Objective: To compare 3 methods of HAI identification: traditional NHSN surveillance, a commercial data-mining approach, and International Classification of Diseases 9th Revision (ICD-9) coding.
Methods: We monitored catheter-associated bloodstream infections (CA-BSIs) for 3-month periods in 2009 in each of 6 intensive care units (ICUs) of a large university hospital. NHSN surveillance was completed by experienced infection control practitioners. A Nosocomial Infection Marker report was generated by data-mining using the MedMined™ Data Mining Surveillance service (CareFusion Corporation). ICD-9 coding was carried out by veteran billing personnel. The reports were derived independently and then compared. Cases classified differently by the 3 approaches were reviewed by 2 infectious diseases physicians to determine their appropriate designation as either true or false positive CA-BSIs. We calculated the sensitivity and positive predictive value of each of the 3 methodologies.

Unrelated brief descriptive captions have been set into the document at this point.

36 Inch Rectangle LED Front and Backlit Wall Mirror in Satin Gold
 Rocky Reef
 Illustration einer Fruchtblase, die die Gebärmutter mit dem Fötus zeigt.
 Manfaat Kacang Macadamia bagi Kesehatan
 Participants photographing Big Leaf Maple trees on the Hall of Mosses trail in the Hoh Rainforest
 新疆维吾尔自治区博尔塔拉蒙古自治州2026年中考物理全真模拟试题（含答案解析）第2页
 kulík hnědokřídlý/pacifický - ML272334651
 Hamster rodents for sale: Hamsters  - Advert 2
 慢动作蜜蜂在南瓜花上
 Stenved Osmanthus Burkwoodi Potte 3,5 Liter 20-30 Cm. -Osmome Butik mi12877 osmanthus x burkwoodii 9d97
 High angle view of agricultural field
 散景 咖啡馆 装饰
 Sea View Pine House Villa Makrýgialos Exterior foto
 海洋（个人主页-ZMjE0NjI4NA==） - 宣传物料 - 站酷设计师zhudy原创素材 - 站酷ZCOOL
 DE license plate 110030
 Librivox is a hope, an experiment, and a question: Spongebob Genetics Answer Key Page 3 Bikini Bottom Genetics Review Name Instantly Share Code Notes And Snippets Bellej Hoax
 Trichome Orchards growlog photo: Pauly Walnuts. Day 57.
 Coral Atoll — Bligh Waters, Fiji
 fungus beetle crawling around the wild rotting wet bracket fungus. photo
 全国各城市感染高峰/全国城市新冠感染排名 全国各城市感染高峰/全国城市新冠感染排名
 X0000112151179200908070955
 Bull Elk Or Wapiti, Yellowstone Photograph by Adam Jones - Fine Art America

Results: A total of 56 CA-BSI were identified in the 6 ICUs (bone marrow transplant 20, cardiac 3, medical 13, neurosurgical 6, surgical 11, high-risk neonatal 3) during 7,154 catheter-days. The overall CA-BSI rate was 7.9 per 1000 catheter-days. NHSN surveillance detected 46 cases, and there were no false-positives. Data-mining identified 48 cases but also 44 false-positives. ICD-9 coding documented 7 cases and 5 false-positives. Overall sensitivities of the 3 metrics were: NHSN surveillance 0.82, data-mining 0.86, and ICD-9 coding 0.13. Positive predictive values of the 3 measures were: NHSN surveillance 1.0, data-mining 0.52, and ICD-9 coding 0.58.
Conclusions: While comparable in regards to sensitivity, there was an important difference in the positive predictive value of traditional NHSN surveillance versus data-mining. Any consideration of implementing an automated surveillance system must take into account the expertise and time necessary to review cases and eliminate false-positives. Otherwise, data-mining was too inaccurate for use in providing feedback to ICUs or for public reporting. The ICD-9 coding scheme lacked both sensitivity and predictive power as a metric for identifying CA-BSIs. The NHSN approach has imperfect discriminatory power and inter-rater reliability, but the adoption of either surrogate metric does not enhance HAI reporting performance from an accuracy or efficiency standpoint.